Hukum Sholat dengan Menggunakan Masker (التلثم) / Ber-At Talats-tsum. Makalah ini ditulis Oleh Abu Haitsam Fakhry.
<< DOWNLOAD PDF >>
بسم الله الرحمن الرحيم
At-Talatstsum (التلَثُّم) adalah kebiasaan orang Arab yang menggunakan ujung imamah untuk menutup hidung dan mulut mereka seperti yang dikatakan al-Khaththabi dalam Ma’aalim as-Sunan (1: 433).
![]() |
https://www.elbalad.news/4345164 |
Dari Abu Hurairah radhiallahu ‘anhu, beliau berkata,
نَهَى رَسُولُ اللَّهِ صَلَّى اللَّهُ عَلَيْهِ وَسَلَّمَ أَنْ يُغَطِّيَ الرَّجُلُ فَاهُ فِي الصَّلَاةِ
“Rasulullah shallallahu ‘alaihi wa sallam melarang seseorang menutup mulutnya ketika shalat.”
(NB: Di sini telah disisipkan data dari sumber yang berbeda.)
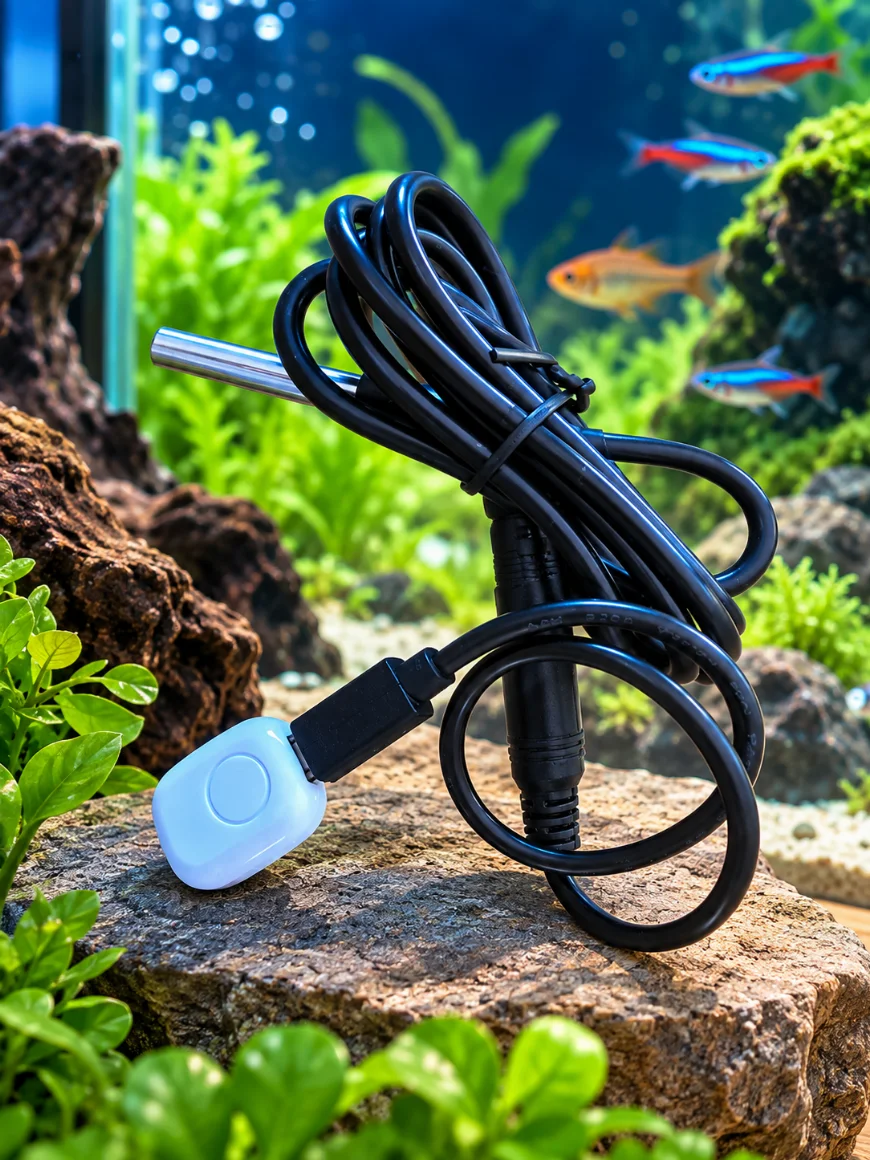 El aparato: una cajita blanca con su sonda de temperatura de acero y dos metros de cable, delante de un acuario plantado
(HR. Abu Daud, no. 643 dan Ibnu Majah, no. 966. Al-Hafizh Abu Thahir mengatakan bahwa sanad hadits ini dhaif. Syaikh Al-Albani menilai hadits ini hasan).
HUKUM BER TALATS-TSUM TANPA ADA HAJAT
Mayoritas alim ulama menilai bahwa hukum at-talatstsum (menutup mulut dan hidung) dalam shalat adalah makruh. Ibnu al-Mundzir mengatakan,
كثير من أهل العلم يكره تغطية الفم في الصلاة، وممن روي عنه أنه كره ذلك: ابن عمر، وأبو هريرة، وبه قال عطاء، وابن المسيب والنخعي، وسالم بن عبد الله، والشعبي، وحماد بن أبي سليمان، والأوزاعي، ومالك، وأحمد، وإسحاق
“Banyak alim ulama yang menilai bahwa menutup mulut ketika shalat dimakruhkan. Di antara mereka yang menilai perbuatan itu makruh adalah: Ibnu Umar, Abu Hurairah, Atha’, Ibnu al-Musayyib, an-Nakha-i, Salim bin Abdillah, asy-Sya’bi, Hammad bin Abi Sulaiman, al-Auza’i, Malik, Ahmad, dan Ishaq.” [Al-Ausath 3: 451]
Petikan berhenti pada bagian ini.